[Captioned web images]

────────────────────────────────────────

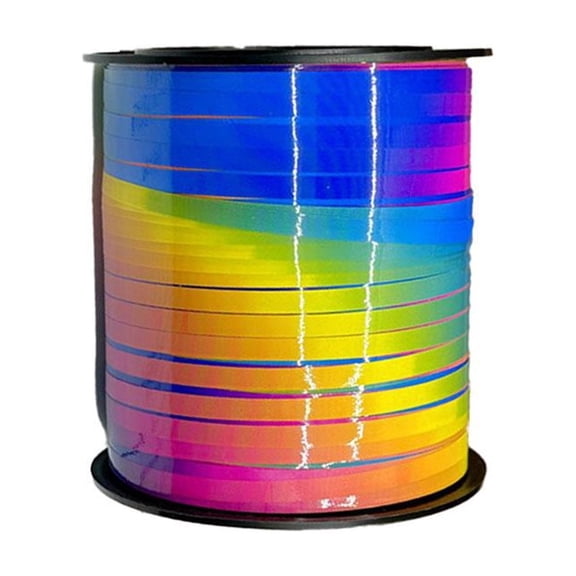 100 Yards Rainbow Color Ribbon with Spool, 0.5cm Width Curling Crimped Shiny Ribbon for Balloon String, Parties, Crafts, Gift Wrapping & Decoration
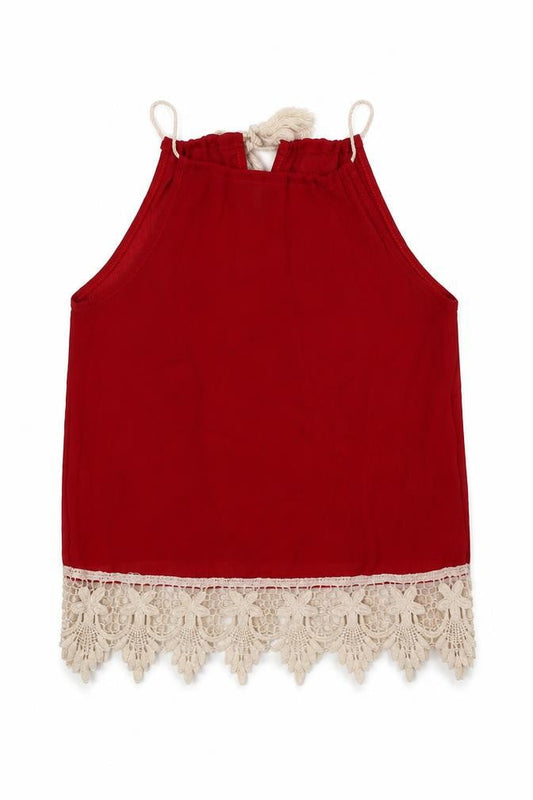 OVERMAL Womens Red Polyester Basic Tank Size S Halter - Lace Detail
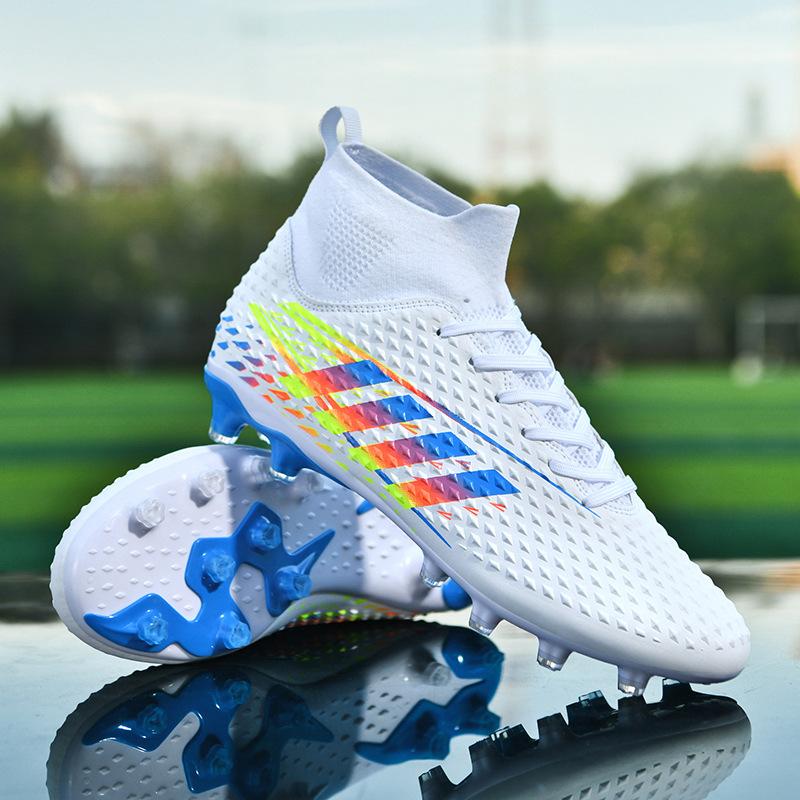 High-top football shoes artificial turf AG long nails tf broken nails shoes men and women children and adolescents students training shoes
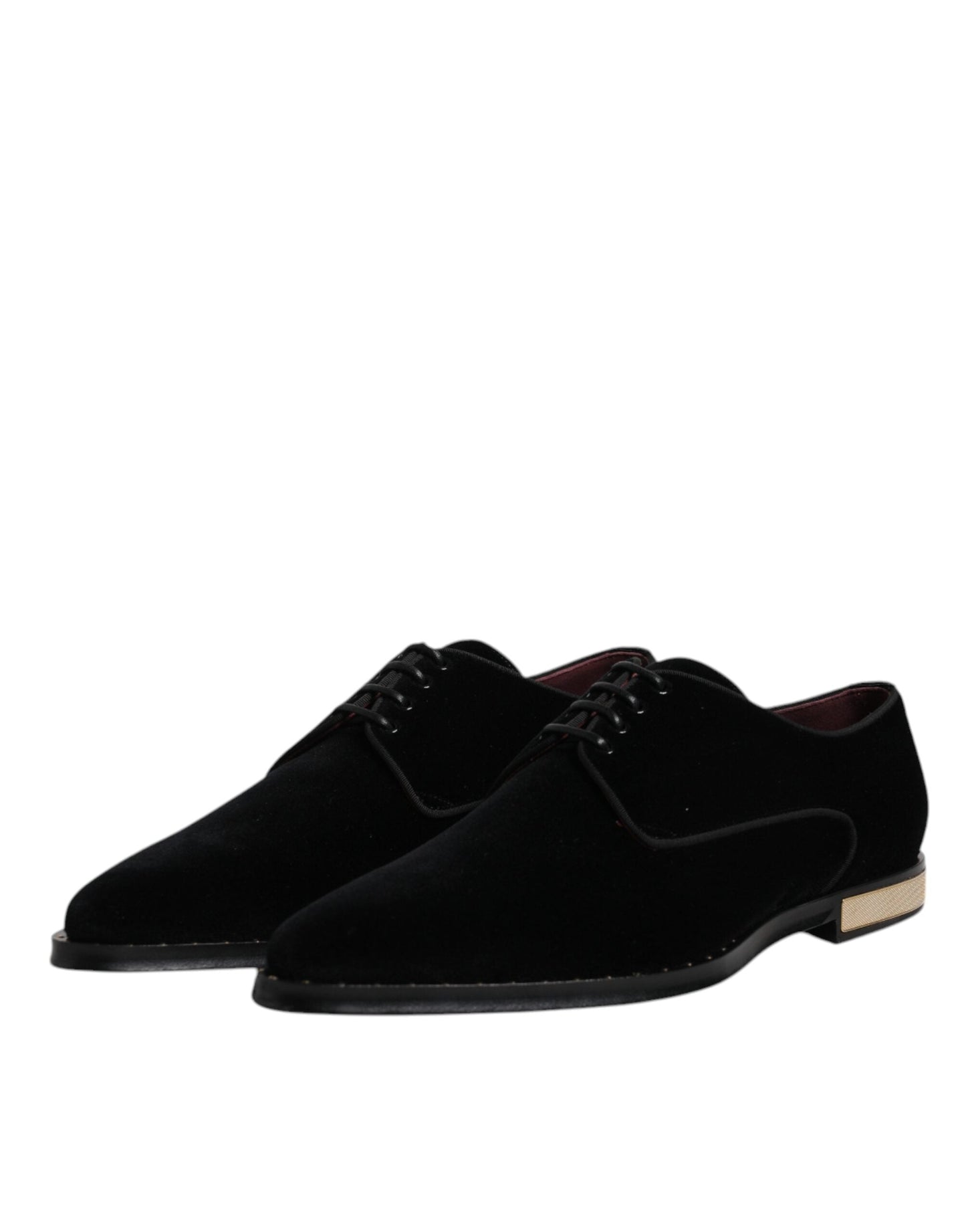 Dolce & Gabbana Black Velvet Cotton Lace Up Derby Men's Shoes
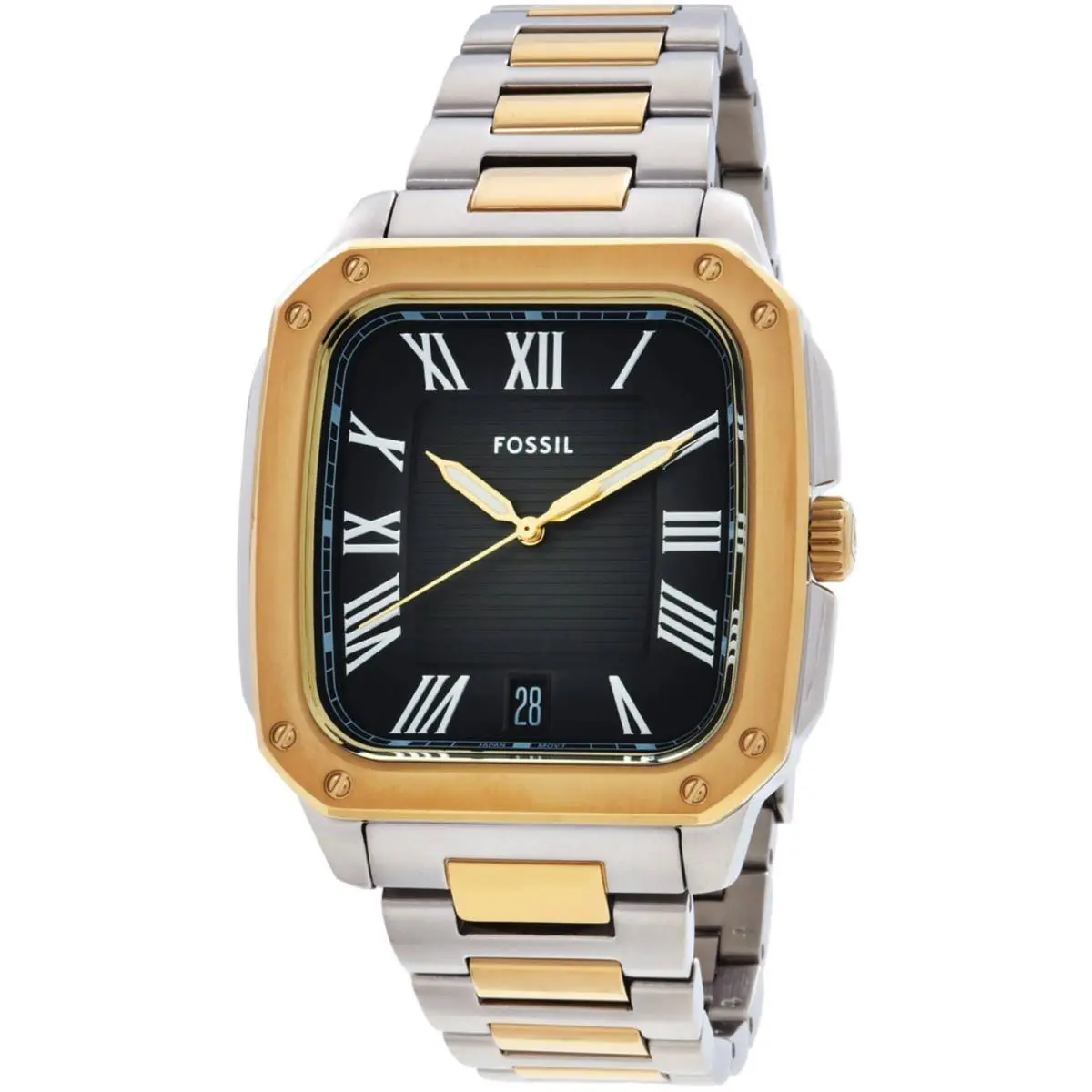 Fossil Men`s Watch Crosby Quartz Black Dial Stainless Steel Bracelet Date FS6123 - Dial: Black, Band: Yellow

────────────────────────────────────────

WORK ITEM -
Give each record above back word for word, but carry over none of the pictures.

TASK OUTPUT -
 100 Yards Rainbow Color Ribbon with Spool, 0.5cm Width Curling Crimped Shiny Ribbon for Balloon String, Parties, Crafts, Gift Wrapping & Decoration
 OVERMAL Womens Red Polyester Basic Tank Size S Halter - Lace Detail
 High-top football shoes artificial turf AG long nails tf broken nails shoes men and women children and adolescents students training shoes
 Dolce & Gabbana Black Velvet Cotton Lace Up Derby Men's Shoes
 Fossil Men`s Watch Crosby Quartz Black Dial Stainless Steel Bracelet Date FS6123 - Dial: Black, Band: Yellow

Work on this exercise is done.